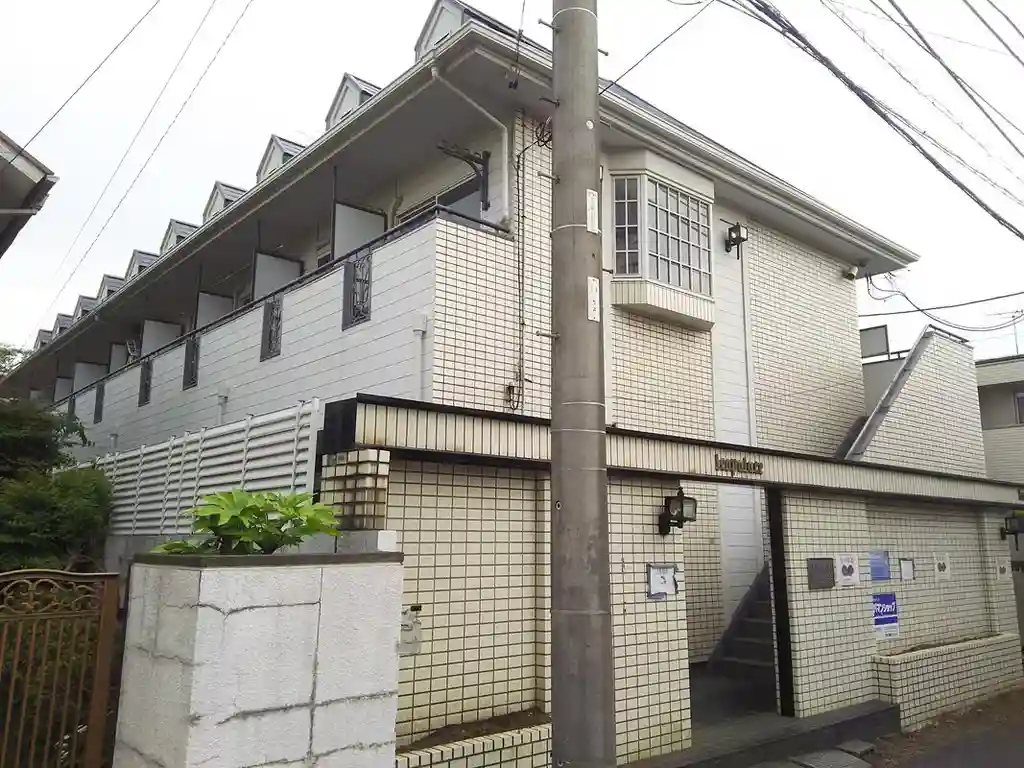 レオパレス千葉 外観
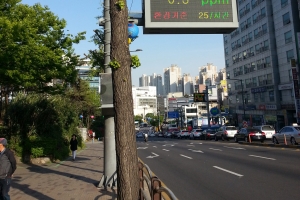 광명시, 자동차-사업장 미세먼지 집중 관리한다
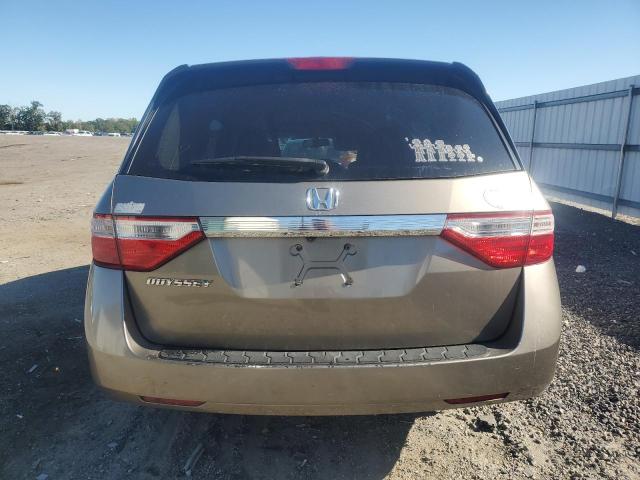 Photo 6 from auction – 2013 HONDA ODYSSEY EX with VIN 5FNRL5H61DB020740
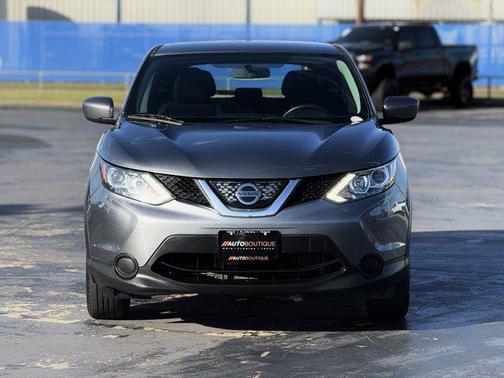 2018 Nissan Rogue Sport S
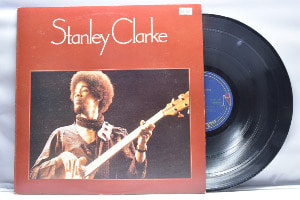 Stanley Clarke [스탠리 클라크] - Stanley Clarke ㅡ 중고 수입 오리지널 아날로그 LP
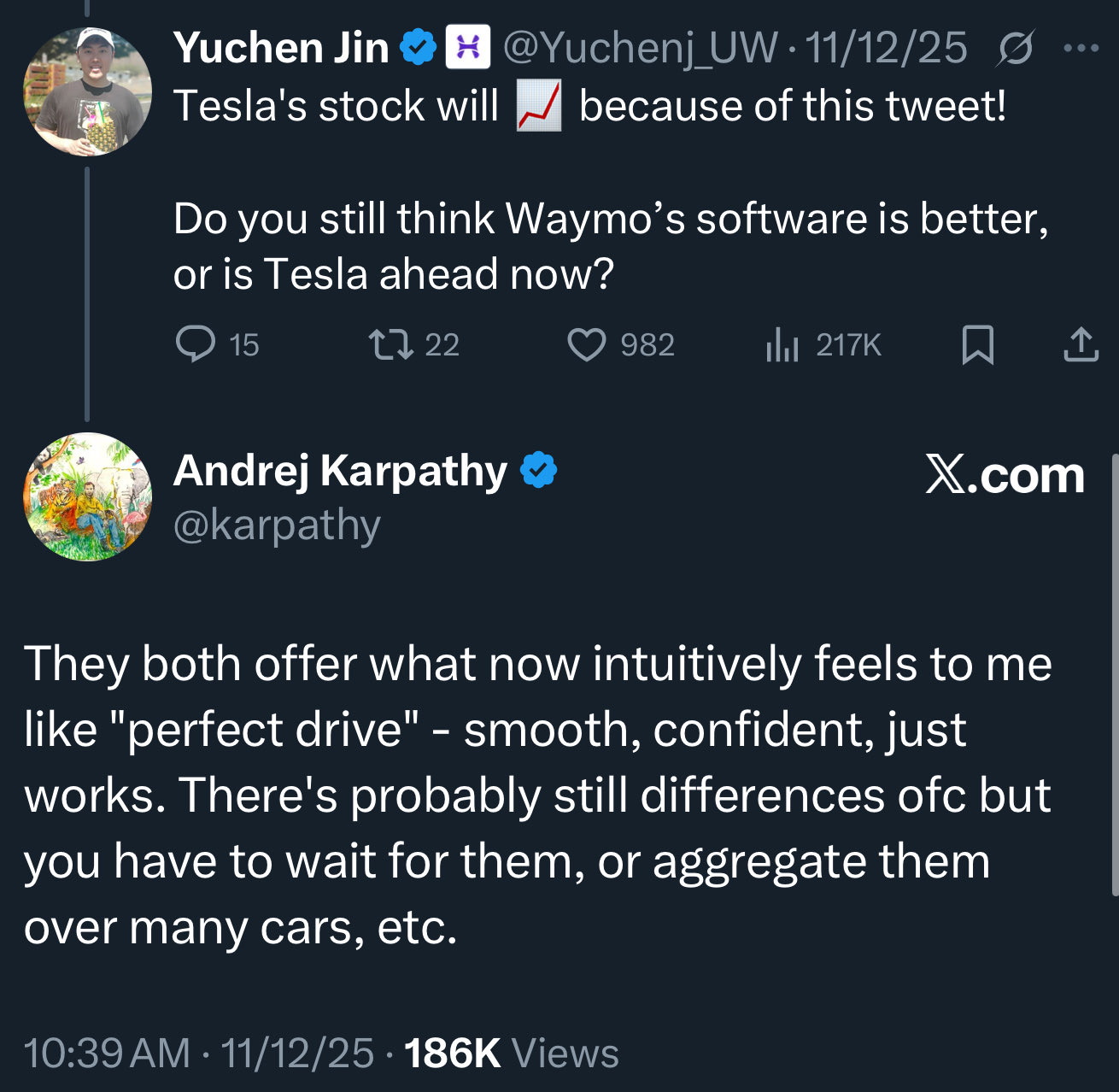 图片[13]-特斯拉FSD首次横穿美国，Model3实现1万英里零干预，马斯克预言兑现了-AI Express News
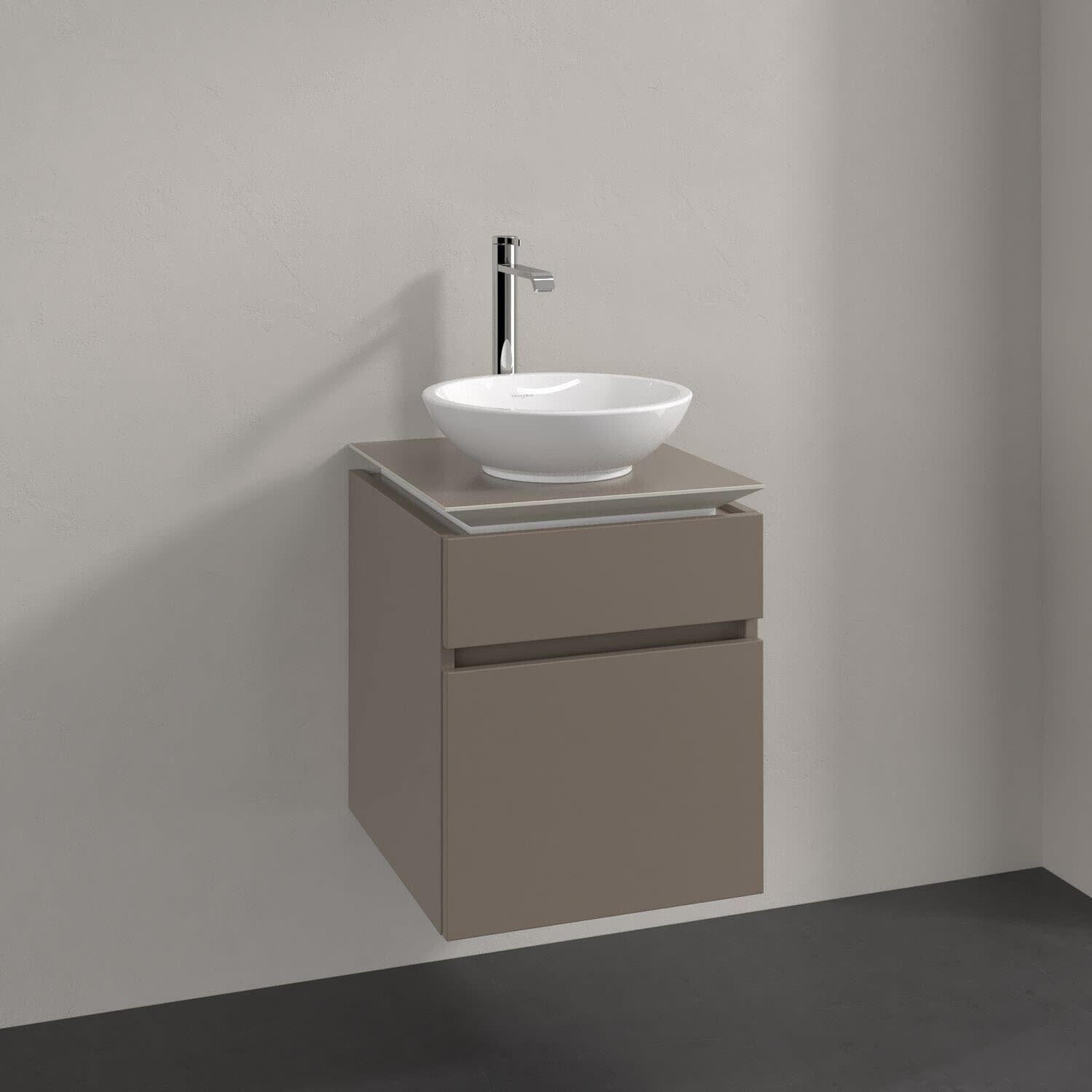 Villeroy & Boch Legato 45 cm with 2 extensions (B56600VG)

======

[What the exercise asks]
Could you repeat exactly the lines from the one containing "Stanley Clarke [스탠리" to the last line of the records, both included, and leave out every picture?

[Response to this exercise]
 Stanley Clarke [스탠리 클라크] - Stanley Clarke ㅡ 중고 수입 오리지널 아날로그 LP
 图片[13]-特斯拉FSD首次横穿美国，Model3实现1万英里零干预，马斯克预言兑现了-AI Express News
 Villeroy & Boch Legato 45 cm with 2 extensions (B56600VG)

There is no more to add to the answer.